___ Material shown

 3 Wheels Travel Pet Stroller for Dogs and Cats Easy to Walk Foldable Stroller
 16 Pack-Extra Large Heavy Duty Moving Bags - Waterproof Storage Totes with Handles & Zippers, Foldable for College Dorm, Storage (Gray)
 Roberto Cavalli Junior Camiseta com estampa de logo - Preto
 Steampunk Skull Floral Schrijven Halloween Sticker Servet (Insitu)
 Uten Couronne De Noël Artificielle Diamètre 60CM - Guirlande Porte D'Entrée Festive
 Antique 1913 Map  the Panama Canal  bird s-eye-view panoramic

______
___ Material shown

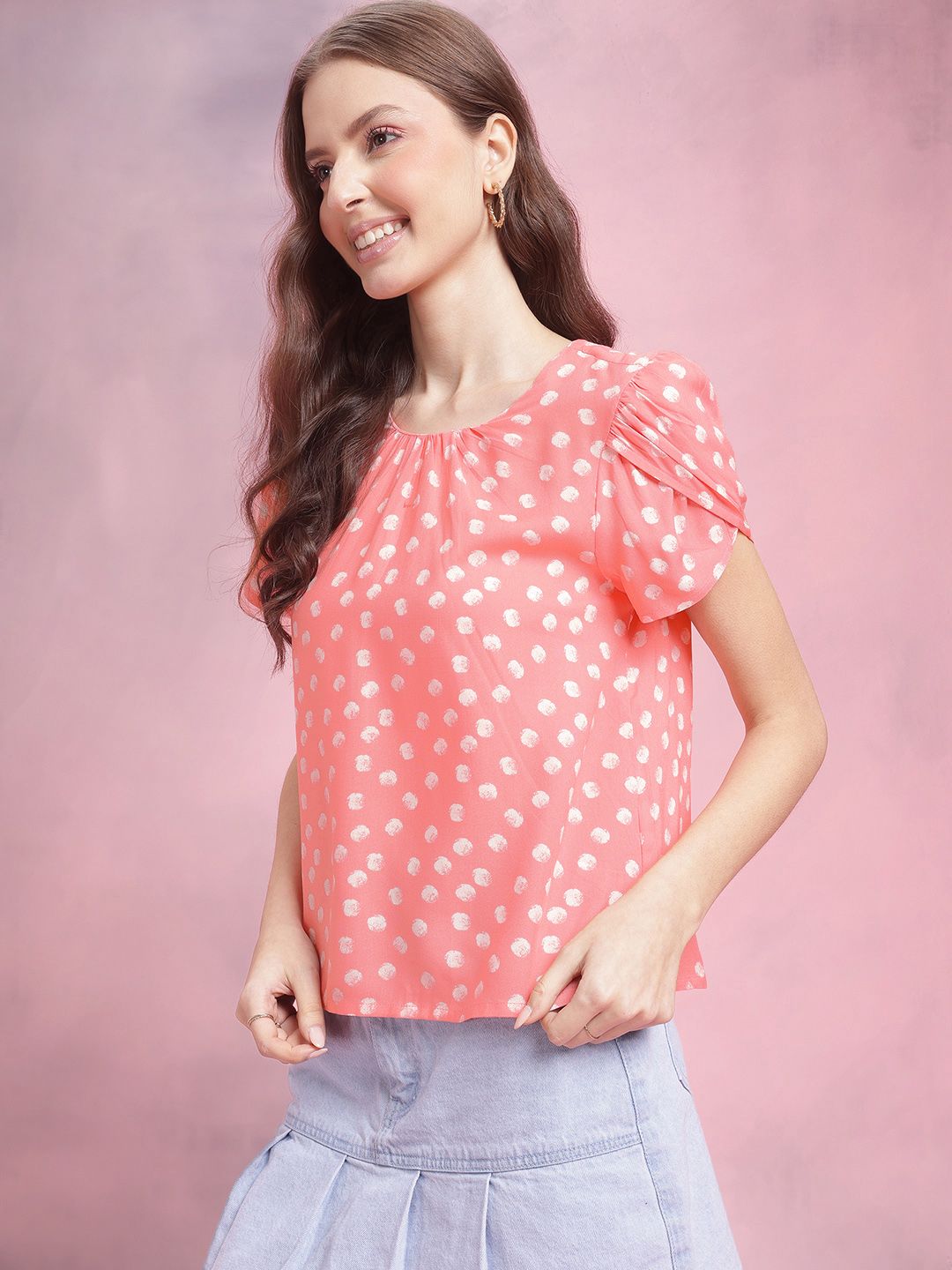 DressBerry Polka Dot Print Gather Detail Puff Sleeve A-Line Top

______

What you will do » Above are the entries. Copy exactly the part that opens with the line containing "3 Wheels Travel" and closes with the line containing "Roberto Cavalli Junior", and no more.

Solved problem »
 3 Wheels Travel Pet Stroller for Dogs and Cats Easy to Walk Foldable Stroller
 16 Pack-Extra Large Heavy Duty Moving Bags - Waterproof Storage Totes with Handles & Zippers, Foldable for College Dorm, Storage (Gray)
 Roberto Cavalli Junior Camiseta com estampa de logo - Preto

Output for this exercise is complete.